● THE DATA
^^^^^^^^^^^^^^^^

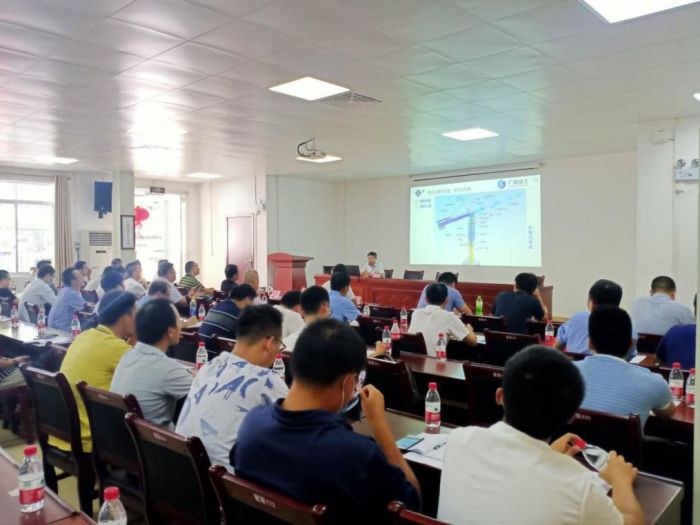 2培训现场。刘丁勤 摄.jpg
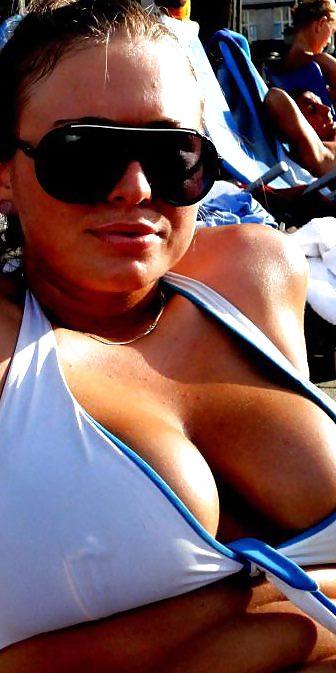 14P Serbian girl Marija 1
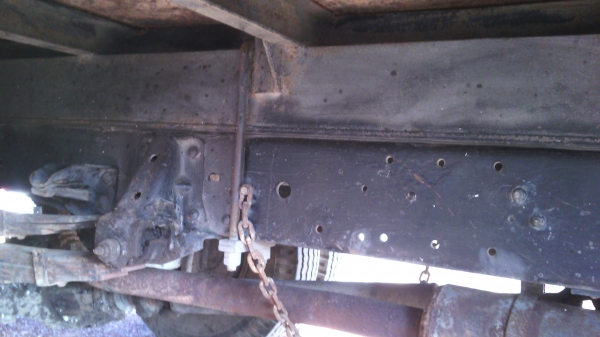 ขาย NPR 115 เทอโบ ขาย NPR 115 เทอโบ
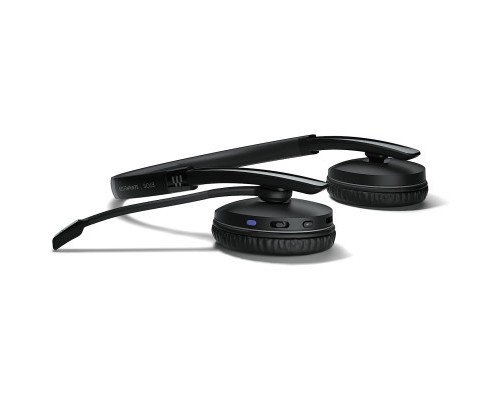 Навушники Epos C20 Wireless Black (1001146)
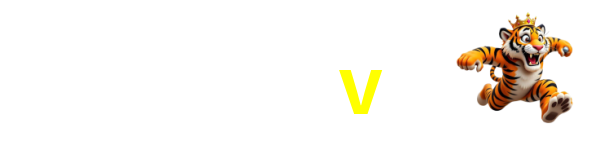 886v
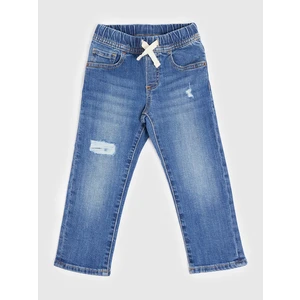 GAP Kids jeans slim - Boys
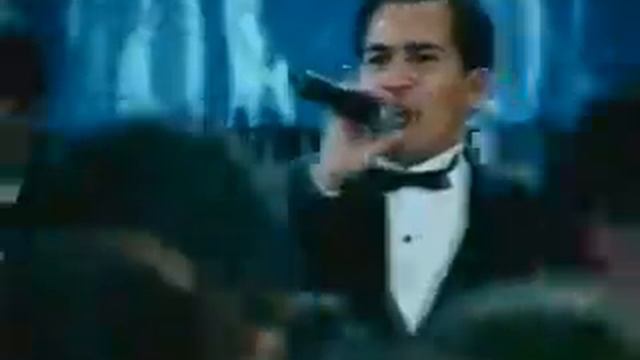 Comerciales Autos - Volkswagen - 50 años en México II (ESP) смотреть онлайн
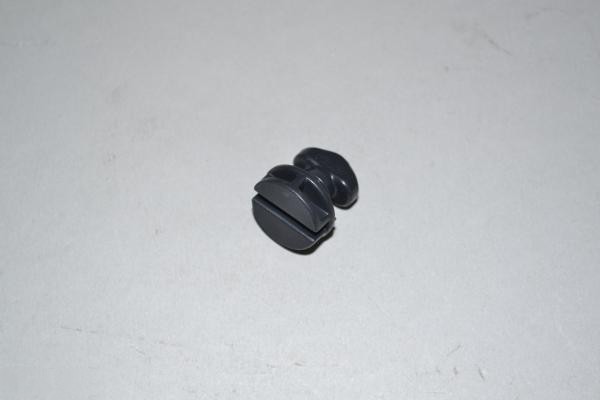 Nozzle Latch - Panasonic Mc-Ug787 Opti Flo For: panasonic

^^^^^^^^^^^^^^^^

● TASK
Pictures are to be omitted; set down the rest of the entries exactly as given.

● OUTPUT BELOW
 2培训现场。刘丁勤 摄.jpg
 14P Serbian girl Marija 1
 ขาย NPR 115 เทอโบ ขาย NPR 115 เทอโบ
 Навушники Epos C20 Wireless Black (1001146)
 886v
 GAP Kids jeans slim - Boys
 Comerciales Autos - Volkswagen - 50 años en México II (ESP) смотреть онлайн
 Nozzle Latch - Panasonic Mc-Ug787 Opti Flo For: panasonic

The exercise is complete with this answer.